Braided line is good for float fishing because it’s buoyant, it is very thin, it’s strong and abrasion-resistant, and it has little to no stretch which is great when setting the hook at a long distance.
The primary advantage to using braided lines when float fishing is that it is very strong while still being very thin.
Another great advantage of using braided lines for float fishing is that it’s the best line I have ever used when setting the hook on a float that is 100 feet or more down the river because the line doesn’t stretch and that gives you a solid hookset.
Braid does have a few disadvantages.
The downside to using braided lines and why I don’t recommend braided lines when float fishing is because anglers tend to break off more fish on the hookset when in close simply because it has no stretch to cushion the hook set. I find it’s even worse when guys use shorter stiffer rods that have less flex than the longer whippier rods.

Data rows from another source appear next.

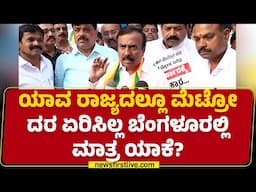 CK Ramamurthy : ಯಾವ ರಾಜ್ಯದಲ್ಲೂ ಮೆಟ್ರೋ ದರ ಏರಿಸಿಲ್ಲ ಬೆಂಗಳೂರಲ್ಲಿ ಮಾತ್ರ ಯಾಕೆ? | Metro Ticket Price Hike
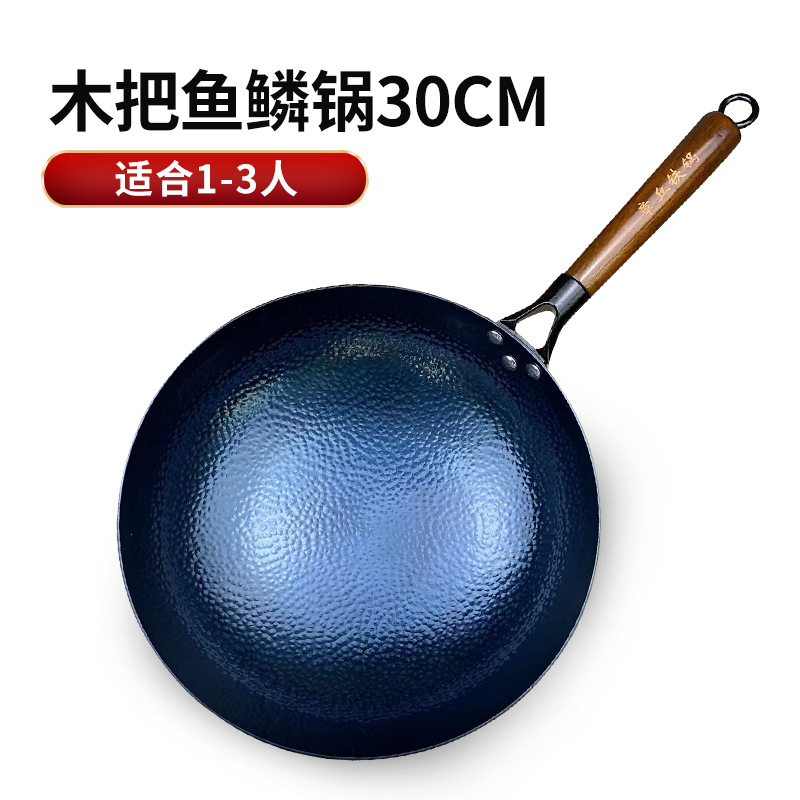 30cm 나무 손잡이 생선 비늘 냄비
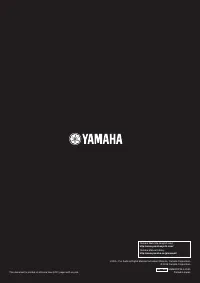 Страница 204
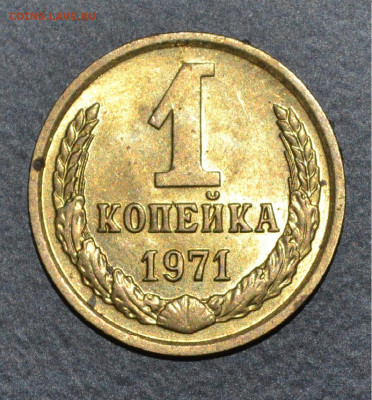 Следы ржавчины на 1 копейке 1971 года - DSC_0033_1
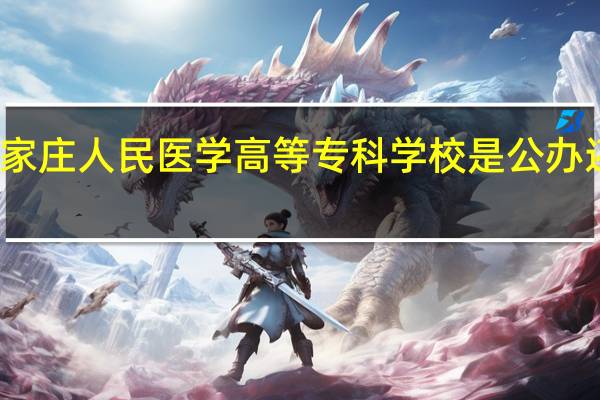 石家庄人民医学高等专科学校是公办还是民办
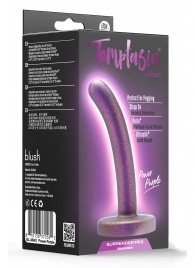 Фиолетовая насадка с гладкой поверхностью Surrender 4.75 Inch Beginner Pegging Dildo - 12 см. - Blush Novelties - купить с доставкой в Самаре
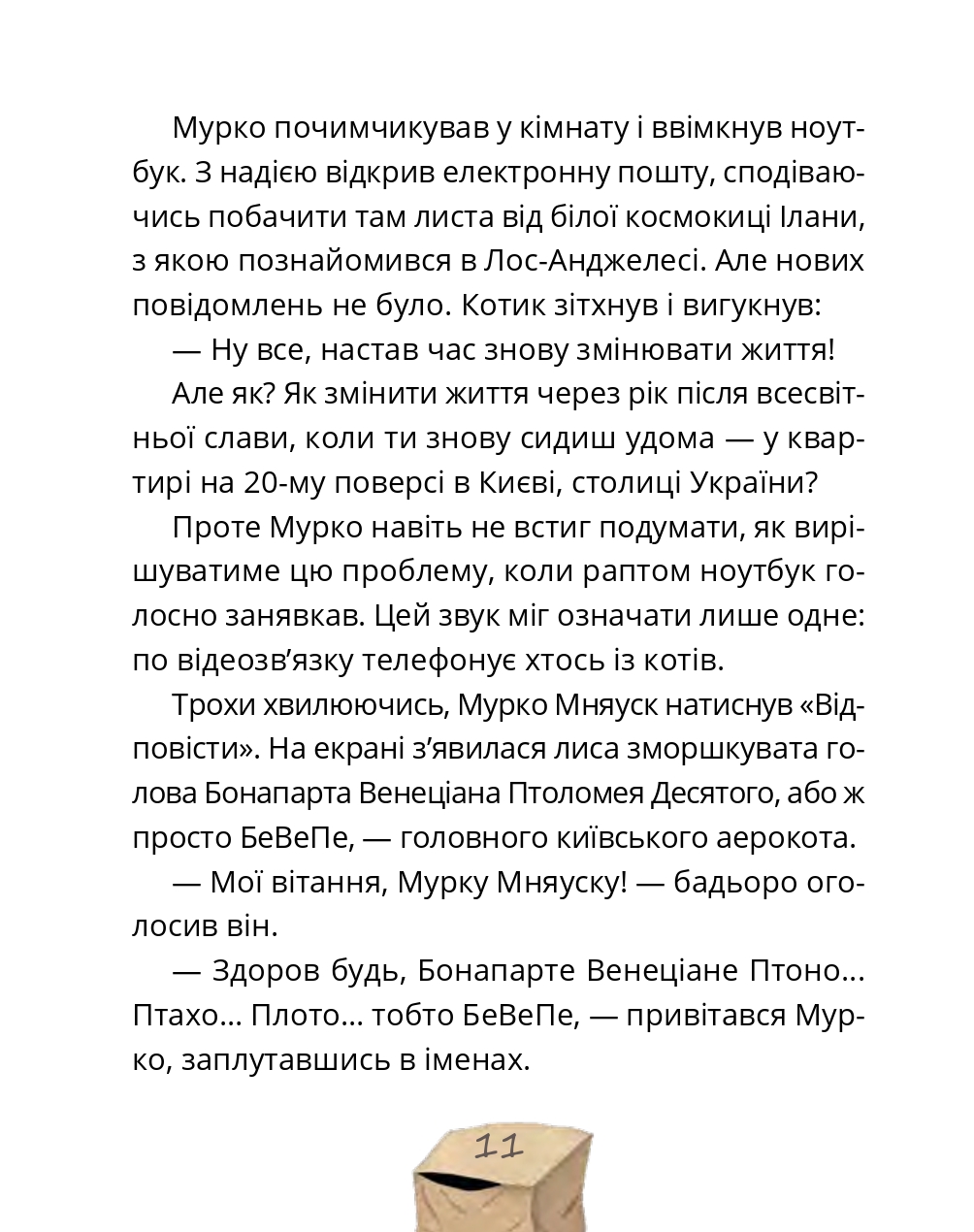 Мурко Мняуск і операція «Великий вибух» — фото 9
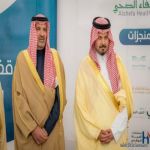 سمو أمير منطقة #المدينة_المنورة #سلمان_بن_سلطان، يرعي مراسم توقيع 6 مذكرات تعاون بين وقف الشفاء الصحي وعدد من الجهات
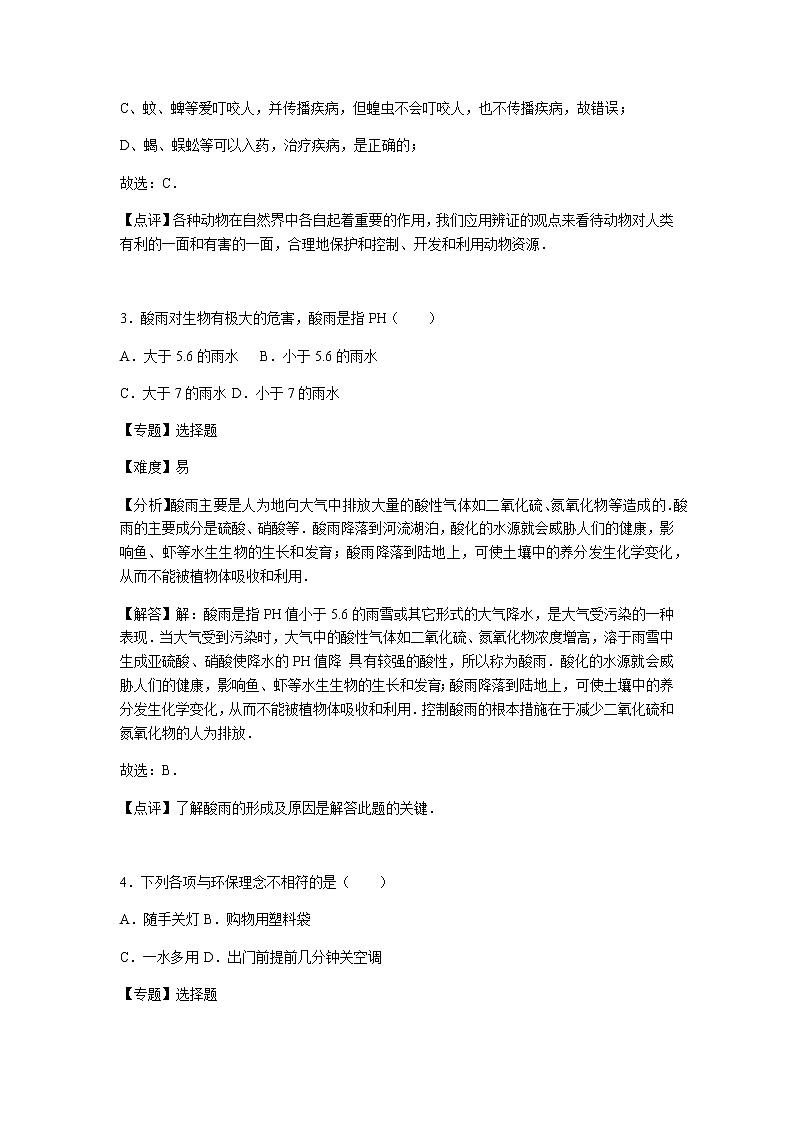 初中生物七下人教第七章1卷02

To prevent this you need to either set softer when the float is close to you, which is hard to do in the excitement of your float dropping down fast, or you need to upsize your leader to a stronger and thicker leader.
The problem with upsizing your leader is that the fish might see it and then not eat your bait.
I have found that some anglers will break more fish off during the fight for the same reason.
The other problem anglers have when using the braided line is that it will freeze solid if it gets wet when winter fishing, especially if you submerge your reel for some reason. Once it freezes sold you will have problems with your drifts all day.
Some braided lines that I have used also tend to absorb more water which can make them sink which is not good for hook sets and for the presentation of your bait. A line that absorbs water is more likely to freeze or it will cause more ice build-up on the rod guides when fishing in below-freezing temperatures.
I have an article on how to keep the guides from freezing if this is ever an issue for you.
Use Float Fishing Lines That Experts Use
Whatever line you use for float fishing make sure you use one that has been used and tested by other anglers that actually know what they are doing. I have a lot of buddies and I know other guides that all float fish and they all tend to use these same lines and you should too.